Hans Falladas letzter Roman »Jeder stirbt für sich allein« erstmals ungekürzt
Von Franz Dobler
»Égérie et j’ai pleuré / Egeria / Muse und ich habe geweint = Et
»Égérie et j’ai pleuré / Egeria / Muse und ich habe geweint = Et j’ai ri et j’ai pleuré / und ich habe gelacht und ich habe geweint«

Das ist eine schöne Geschichte, die man jedem guten Verlag wünscht. Erfolg haben mit einem tollen Roman. Und nicht mit dem neuen Heimatmist, der nun auf der Krimischiene und oft noch mit Comedy-Einflüssen angelabert kommt oder dieser Gegenwartsliteraturabteilung, die so neobiedermeierlich um das Familiennachtkästchen hingehäkelt ist, daß man schon nach den ersten Zeilen (mit Wolfgang Pohrt gesprochen) einen fünfstöckigen Espresso braucht.

Der Aufbau Verlag hat nun einen Hit, den niemand auf der Rechnung hatte, »Jeder stirbt für sich allein« von Hans Fallada, 1947 erschienen und seit Jahrzehnten ziemlich vergessen; eine Geschichte vom alltäglichen Wahnsinn im Nazi-Berlin und vom Widerstand eines einfachen, eigentlich unpolitischen Arbeiterehepaars. Woher das Interesse für diesen Stoff 2011 in Deutschland?

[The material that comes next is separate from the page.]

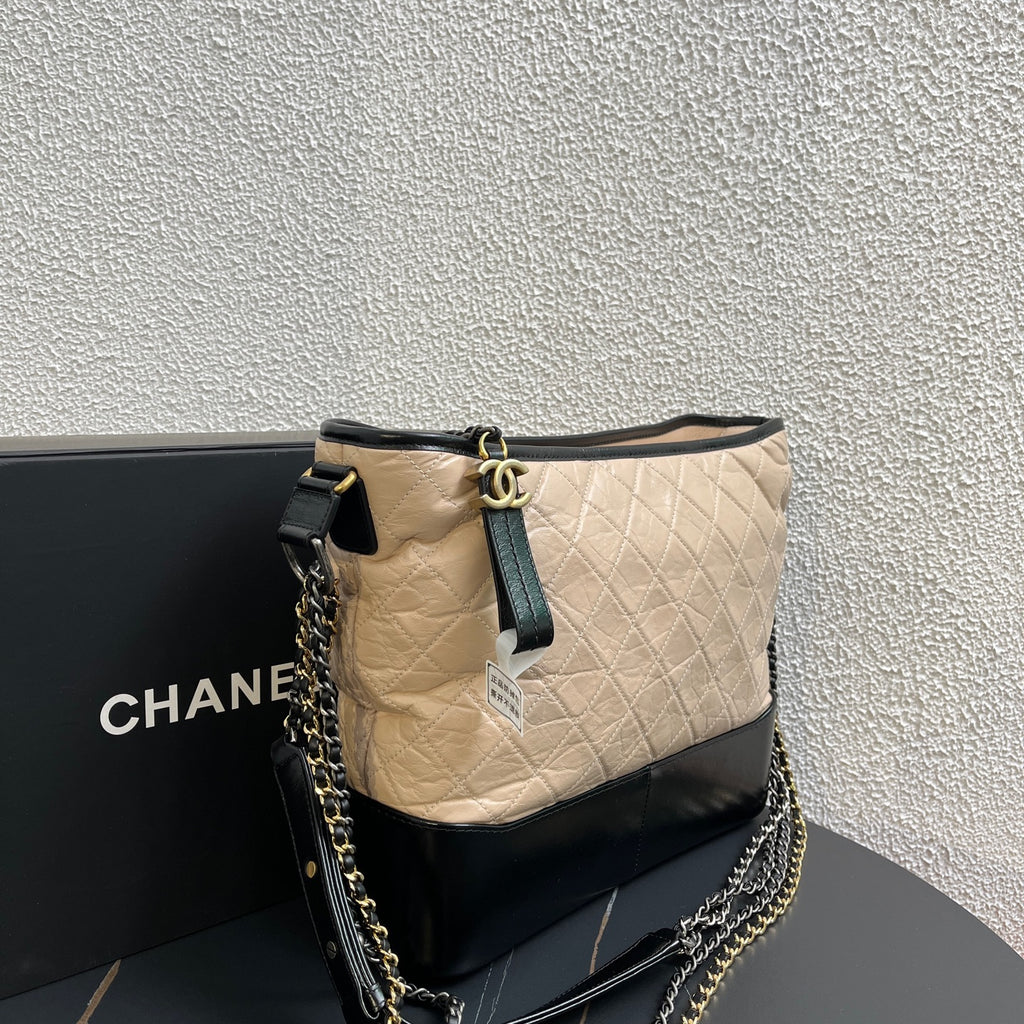 Chanel Crossbody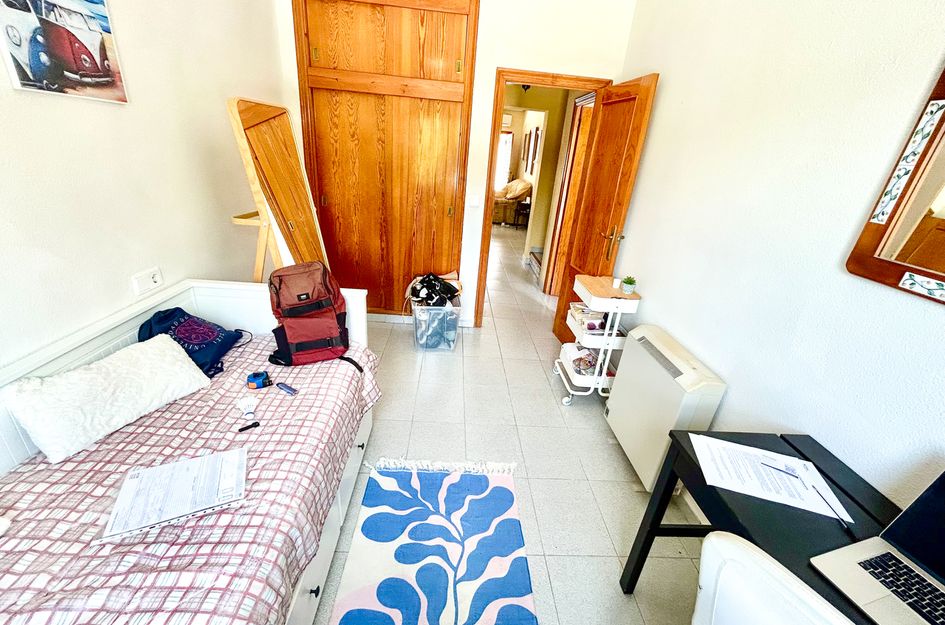 Villa in La Zenia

Es hat schon eine gewisse Komik, daß es der ungeahnte und fulminante Erfolg in Großbritannien, USA, Israel und anderen Ländern ist, der zu einer deutschen Neuausgabe geführt hat (die sich erstmals an Falladas ursprüngliche Fassung hält, die, schreibt Almut Giesecke im Nachwort, für die Erstausgabe geglättet worden war). Und woher das Interesse im Ausland?

Der Erfolg von »Jeder stirbt für sich allein« beziehungsweise in der englischen Ausgabe »Alone in Berlin« zeige, »daß das britische Schwarzweißbild der Hitlerjahre endlich einer nuancierteren Wahrnehmung weicht«, schrieb Gina Thomas vor einem halben Jahr in der FAZ. Mag sein. Aber ich weiß nicht recht. »Endlich« also; und endlich nuancierter. Endlich haben die Briten mal erkannt, so interpretiere ich das, daß es nicht nur den Stauffenberg-Widerstand gab, der sich so unglaublich mutig formierte, als das Regime schon am Ende war, sondern auch einen Widerstand bei den ganz einfachen Leuten. Ich bin mir sicher, daß jeder Brite das schon immer wußte, aber sich sagte, fuckin’ so what, was hat’s geholfen, die Nuancen sind nun mal unter so einem großen Ganzen ziemlich egal. Was ja nicht heißt, daß so ein kleiner folgenloser Widerstand, wie ihn Fallada beschreibt, jemals egal wäre.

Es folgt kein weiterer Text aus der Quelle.